Araştırmacı Yazar Erdoğan Aydın ile iktidar tarafından örgütlenen "İstanbul'un fethi kutlamaları"nı konuştuk.

Erdoğan Aydın | Fotoğraf: MA

Paylaş

İsmail AFACAN
İstanbul

İstanbul’un fethi kutlamaları sağcı hegemonyanın bir propaganda malzemesi olarak hayata geçirilirken bir yandan da çatışma halindeki burjuva kliklerinin bir uzlaşı noktası olabiliyor. Toplumsal sorunların çözülmek yerine üstünün geçmişten gelen “kahramanlık hikayeleriyle” örtülmesi yeni bir yaklaşım değil. Dahası toplumsal sorunlar derinleştikçe, kutlamaların “parıltısı” da artırılıyor. Peki İstanbul’un Fethi ne zaman kutlanmaya başladı? İktidar bu kutlamaların “coşku derecesini” artırarak aslında neyi planlıyor? Nasıl oluyor da burjuvazinin farklı kesimleri bu kutlama seslerinde ortaklaşıyor? Tüm bunları Tarihçi-Yazar Erdoğan Aydın’la konuştuk. 

İstanbul’un fethi kutlamaları nasıl başladı?

İstanbul’u fethedenler “İstanbul’un fethi” diye bir kutlama yapmadı. Aslında bu tip seremoniler toplumu belli bir ideolojik şekillendirme ihtiyacına sahip olan kesimler tarafından çeşitli zamanlarda yapılır.
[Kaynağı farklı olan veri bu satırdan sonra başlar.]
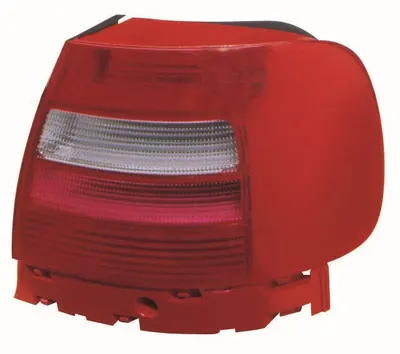 Stop tripla lampa spate dreapta (Semnalizator alb, culoare sticla: rosu) AUDI A4 LIMUZINA 1994-2001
O nedenle İstanbul’un fethi meselesinde aslında milliyetçiliğin, antikomünizmin, yeni nesillerin tarihteki derin yaşanmışlıklarla övünür hale getirmenin, bir anlamda gözlerini kapatmanın aracıdır. Bu açıdan baktığımızda bu gösterilere en çok ihtiyaç duyulan dönemin Türkiye’de sola karşı, sosyalistlere karşı kampanyaların açıldığı, ABD iş birlikçiliğinin en çok arttığı dönemlerde gerçekleştiğini görüyoruz. Nitekim fethin 500. yılı olan 1953’te, tam da bu değişimin olduğu dönemde yapıldı. Yani Türkiye’nin NATO üyesi olduğu, antikomünist rüzgarların alabildiğine artırıldığı, gençlerin gözlerinin bağlanmaya çalışıldığı, gençlere Fatih gibi, Ulubatlı Hasan gibi rol modellerin önerildiği, militarizm propagandasının toplum içinde yayılmaya ihtiyacının hissedildiği dönemde gerçekleştirildi.

Cumhuriyet öncesinde de bir kutlama söz konusu… Osmanlı’nın son döneminde…
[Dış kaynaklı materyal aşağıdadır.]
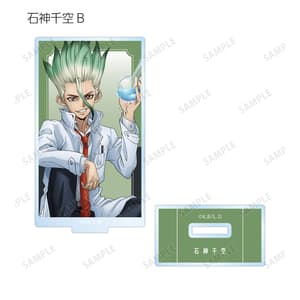 Random Selection - Dr. Stone (Original Illustration Before Petrification Version) - Acrylic Stand - Armabianca - 10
Evet… Bundan önce ufak bir girişimle daha karşılaşıyoruz. 1913’te başını Camal Paşa’nın çektiği benzer bir etkinlik daha var. İttihat ve Terakki Cemiyetinin Türkçü paşasının yaptırdığı etkinlik görece sönük. Osmanlı İmparatorluğu’nun Alman emperyalizminin yedeğinde savaşa hazırlandığı dönem.

"FATİH’İN YAPMADIĞI İŞLERİ GÜNÜMÜZ ‘FATİHÇİLERİ’ YAPIYOR!"
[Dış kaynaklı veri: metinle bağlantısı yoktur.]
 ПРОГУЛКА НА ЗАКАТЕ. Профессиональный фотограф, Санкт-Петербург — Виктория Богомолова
İstanbul’un fethi kutlamalarına siyasal İslamcı hareketin özel bir ilgisi var. Geçmişte de bunun örneklerini görüyoruz…

Bu mesele bir de Türkiye’de İslamcı hareketin yeniden yükselmeye başladığı ’70’li yıllardan itibaren, bu sefer doğrudan devlet tarafından değil de İslamcı hareket tarafından özellikle kendi toplumsal hegemonyaları için kullanılmıştır. Nitekim ‘Karadan gemiler yürütmek’ şeklinde gerçekle alakası olmayan mizansenler dahil olmak üzere sürekli ‘mehtercilik’ hali bunun göstergesi. Yani tarihin birileri tarafından -bu bazen bir devlet, bazen siyasi partiler, bazen dergiler oluyor- istismar edilmesi durumuyla karşı karşıyayız. Fatih’in yapmadığı işleri günümüz ‘Fatihçileri’ yapmaya kalkışıyorlar. Herhalde Fatih yaşasaydı bunların peşinden-negatif anlamda- koşardı.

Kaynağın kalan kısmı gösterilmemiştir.